What you write must be the lines from the one holding "COTTON | WILD FLOWER (White)" through the final line of the records below, reproduced exactly, minus the pictures.

START AVAILABLE RECORDS

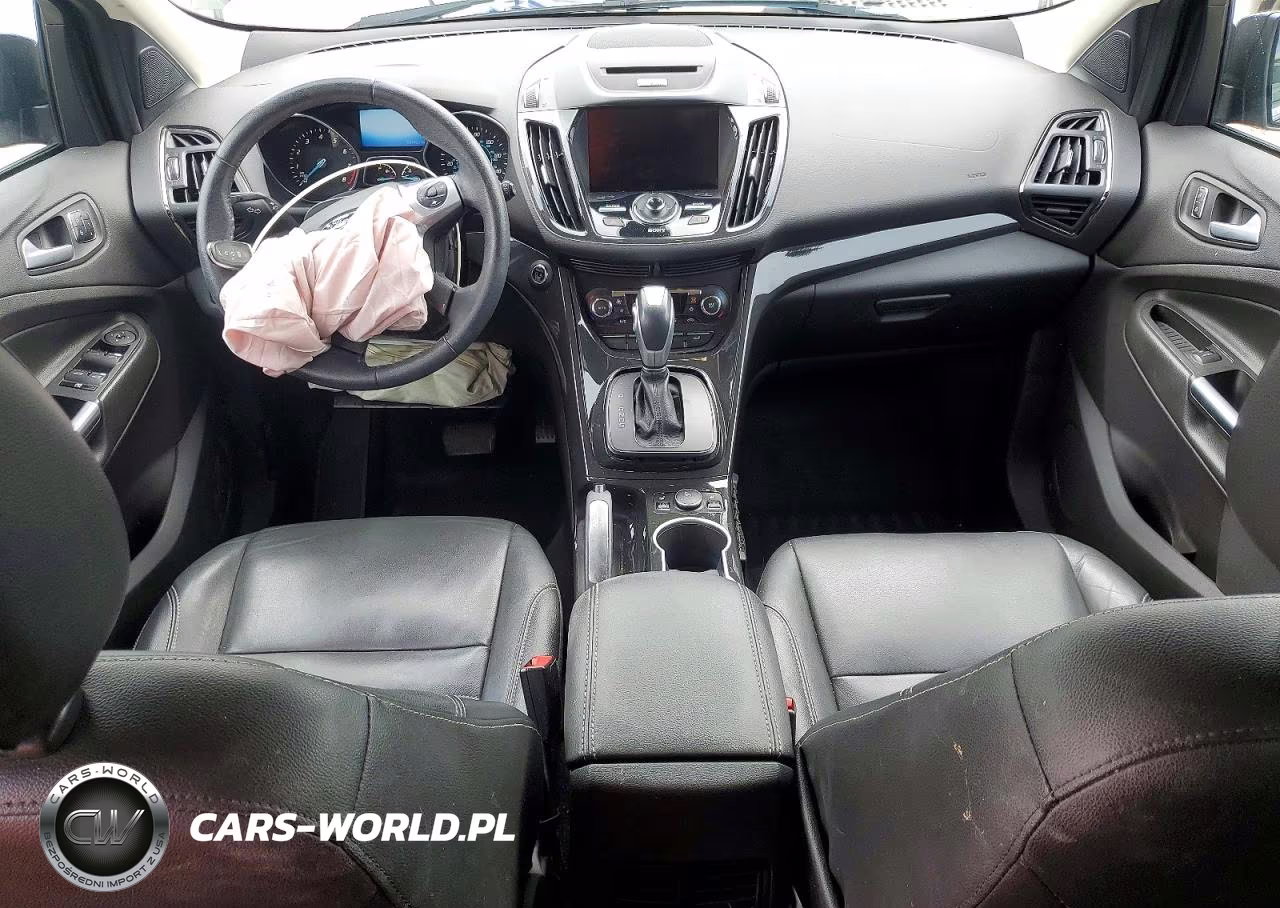 2015 Ford Escape Titanium VIN:1FMCU9J98FUA55327 - 8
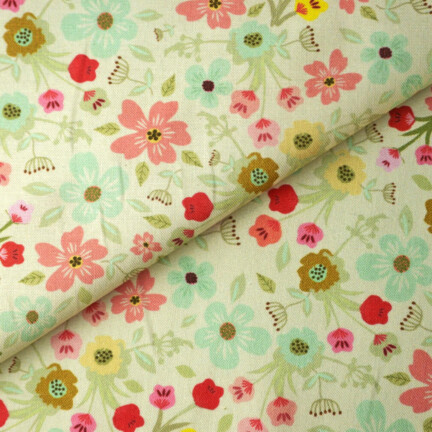COTTON | WILD FLOWER (White)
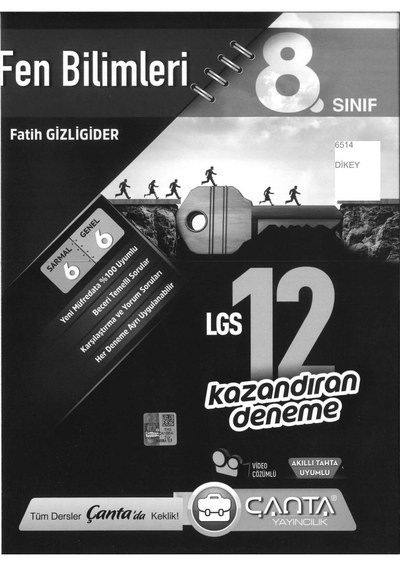 FEN BİLİMLERİ 12 KAZANDIRAN DENEME YKS Fotokopi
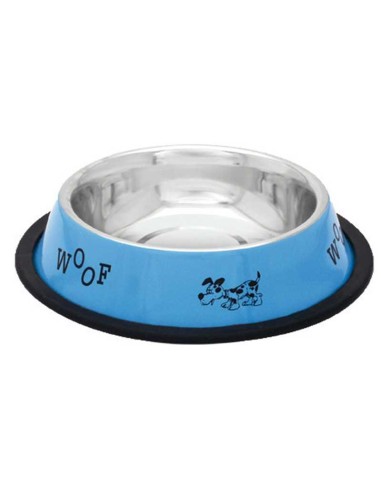 PETIPOP COMEDERO / BEBEDERO ACERO WOOF - 4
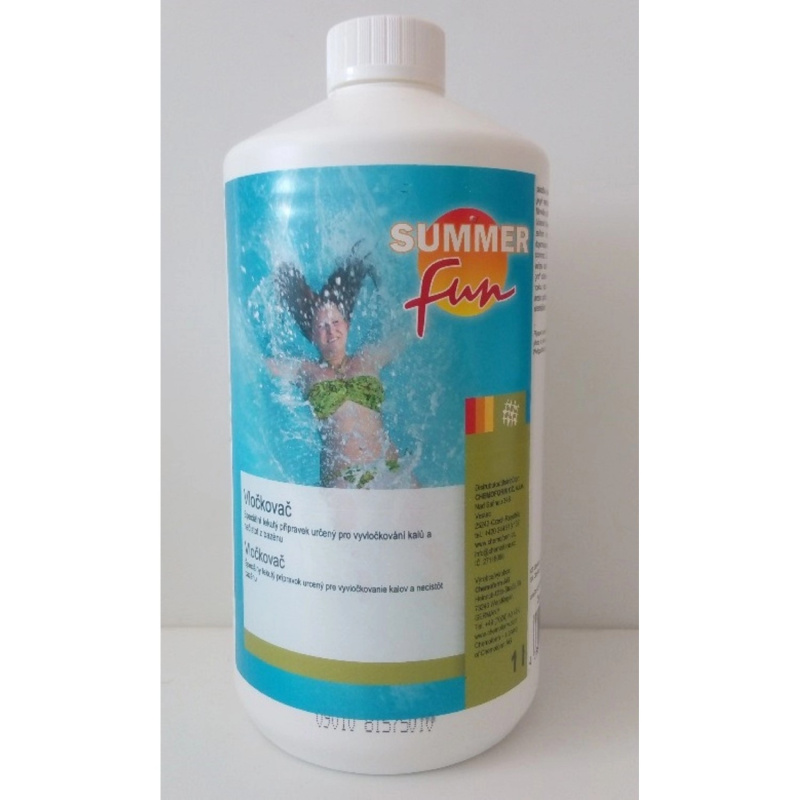 CF-FLOCK Vločkovač - projasňovač 1 l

END AVAILABLE RECORDS

■ SOLUTION TO THIS EXERCISE ■
COTTON | WILD FLOWER (White)
 FEN BİLİMLERİ 12 KAZANDIRAN DENEME YKS Fotokopi
 PETIPOP COMEDERO / BEBEDERO ACERO WOOF - 4
 CF-FLOCK Vločkovač - projasňovač 1 l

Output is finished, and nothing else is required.